Using the listing below, set down each line from the line containing "Audi A3 Advanced" through the line containing "Кришка для біде", both ends included, exactly and with nothing added.

----- Exercise inputs -----

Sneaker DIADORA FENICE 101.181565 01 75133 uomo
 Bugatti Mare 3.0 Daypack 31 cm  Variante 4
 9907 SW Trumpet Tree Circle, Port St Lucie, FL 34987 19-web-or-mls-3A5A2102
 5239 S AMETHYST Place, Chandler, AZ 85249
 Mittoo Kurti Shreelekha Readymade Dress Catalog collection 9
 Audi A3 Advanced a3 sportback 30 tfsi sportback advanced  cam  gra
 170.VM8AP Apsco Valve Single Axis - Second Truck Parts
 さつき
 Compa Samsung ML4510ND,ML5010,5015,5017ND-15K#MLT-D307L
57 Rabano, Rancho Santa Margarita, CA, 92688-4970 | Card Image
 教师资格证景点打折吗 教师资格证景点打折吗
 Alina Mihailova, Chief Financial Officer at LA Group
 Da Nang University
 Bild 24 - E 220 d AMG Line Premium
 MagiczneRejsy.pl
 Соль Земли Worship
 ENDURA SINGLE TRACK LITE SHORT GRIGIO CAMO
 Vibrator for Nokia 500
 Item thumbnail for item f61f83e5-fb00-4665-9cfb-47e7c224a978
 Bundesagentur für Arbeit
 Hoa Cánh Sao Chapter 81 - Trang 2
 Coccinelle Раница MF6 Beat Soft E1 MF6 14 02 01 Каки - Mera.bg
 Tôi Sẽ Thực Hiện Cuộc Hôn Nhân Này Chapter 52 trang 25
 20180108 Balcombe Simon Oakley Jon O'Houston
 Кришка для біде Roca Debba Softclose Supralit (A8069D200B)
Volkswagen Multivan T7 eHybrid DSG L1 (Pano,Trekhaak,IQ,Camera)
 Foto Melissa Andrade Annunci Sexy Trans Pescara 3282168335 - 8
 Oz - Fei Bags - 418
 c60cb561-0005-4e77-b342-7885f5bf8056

-----

> _Result_
 Audi A3 Advanced a3 sportback 30 tfsi sportback advanced  cam  gra
 170.VM8AP Apsco Valve Single Axis - Second Truck Parts
 さつき
 Compa Samsung ML4510ND,ML5010,5015,5017ND-15K#MLT-D307L
57 Rabano, Rancho Santa Margarita, CA, 92688-4970 | Card Image
 教师资格证景点打折吗 教师资格证景点打折吗
 Alina Mihailova, Chief Financial Officer at LA Group
 Da Nang University
 Bild 24 - E 220 d AMG Line Premium
 MagiczneRejsy.pl
 Соль Земли Worship
 ENDURA SINGLE TRACK LITE SHORT GRIGIO CAMO
 Vibrator for Nokia 500
 Item thumbnail for item f61f83e5-fb00-4665-9cfb-47e7c224a978
 Bundesagentur für Arbeit
 Hoa Cánh Sao Chapter 81 - Trang 2
 Coccinelle Раница MF6 Beat Soft E1 MF6 14 02 01 Каки - Mera.bg
 Tôi Sẽ Thực Hiện Cuộc Hôn Nhân Này Chapter 52 trang 25
 20180108 Balcombe Simon Oakley Jon O'Houston
 Кришка для біде Roca Debba Softclose Supralit (A8069D200B)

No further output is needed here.